(SUPPLIED INFORMATION)

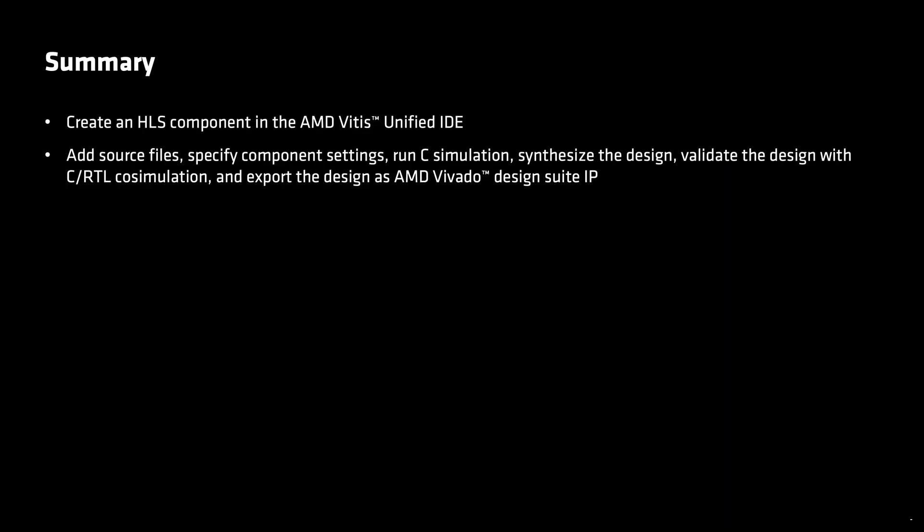To summarize, in this demonstration, you have learned how to create an HLS component in the AMD Vitis Unified IDE. You also learned how to add source files, specify component settings, run C simulation, synthesize the design, validate the design with C to RTL co-simulation, and export the design as AMD Vivado Design Suite IP.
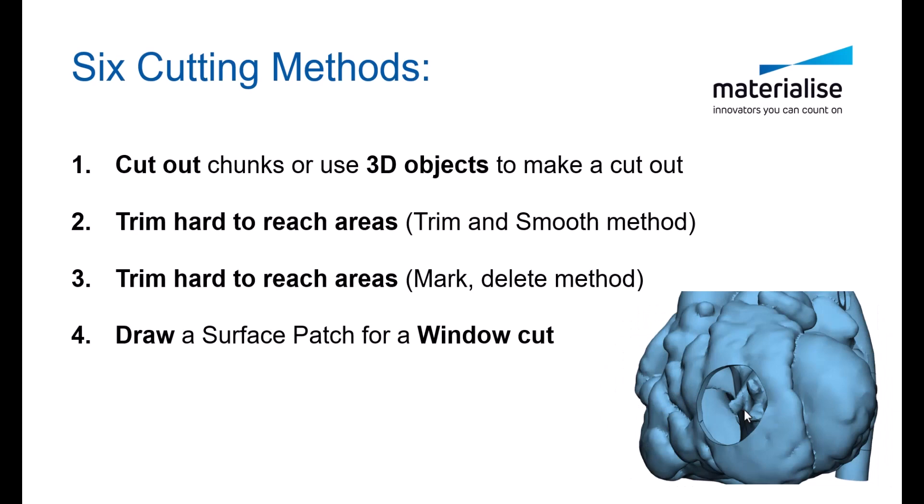The fourth type of cut can be done using an easy surface patch tool to draw a window you want to cut out.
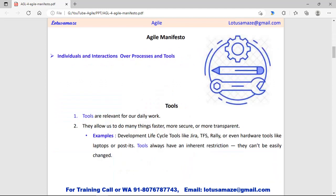The first value in the Agile Manifesto is individuals and interactions over process and tools. It means Agile philosophy focuses on individuals and interaction rather than process and tools. The priority of the Agile philosophy is individuals and interactions.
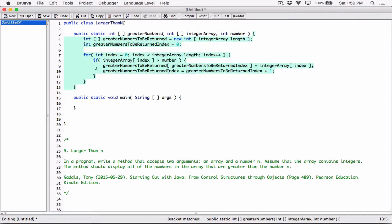By the time this loop is done, greater numbers to be returned will have all the numbers greater than number stored in the integer array. But remember, we initialized the array to the integer array's length. So if the original integer array has, say, five numbers, this will also have five slots. If at the end we only have three numbers greater than number, it still has five slots — those three numbers will be stored, but the other two slots will be stored as zero. We'll see that in a second.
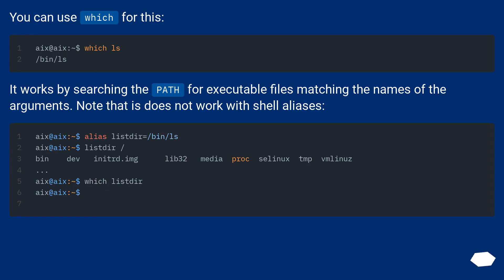You can use which for this. It works by searching the $PATH for executable files matching the names of the arguments. Note that it does not work with shell aliases.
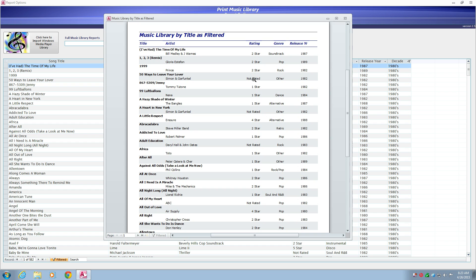If you're a DJ, you can easily send your clients a list of songs to choose from for their next party. Your next karaoke night will be a breeze with the printouts from Print Music Library.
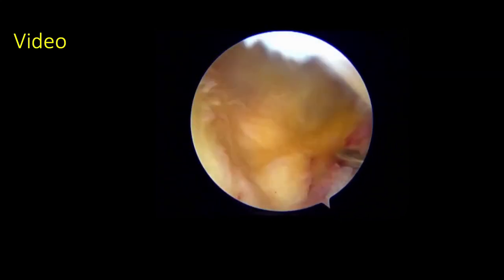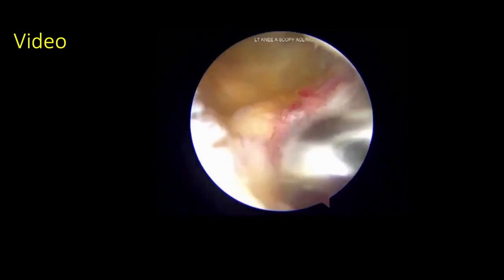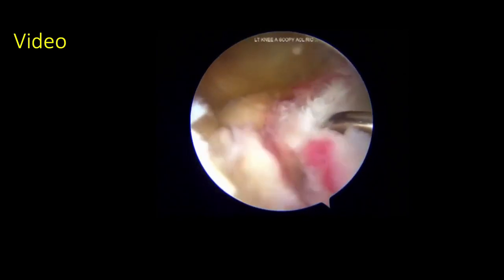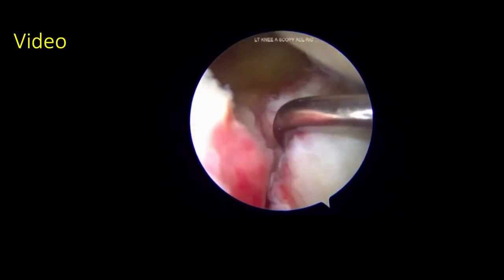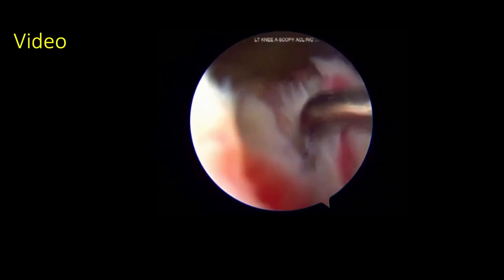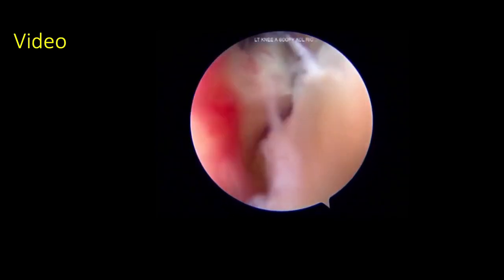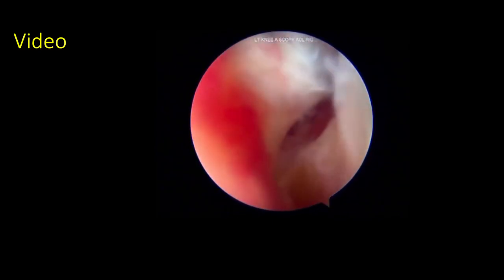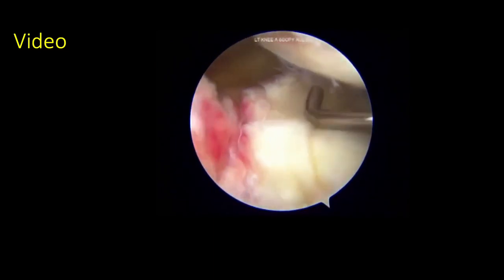The inferior surface of the meniscus is probed to confirm the tear extension on the inferior surface. After planning the repair strategy, an all-inside device is passed over the cannula, with the first suture being placed near the posterior root of the lateral meniscus in the posterolateral capsule.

(End SUPPLIED INFORMATION)

- TASK BRIEF
Write out exactly the lines above between the one with "The fourth type" and the one with "The first value", inclusive, with pictures left out.

- WRITTEN RESPONSE
The fourth type of cut can be done using an easy surface patch tool to draw a window you want to cut out.
The first value in the Agile Manifesto is individuals and interactions over process and tools. It means Agile philosophy focuses on individuals and interaction rather than process and tools. The priority of the Agile philosophy is individuals and interactions.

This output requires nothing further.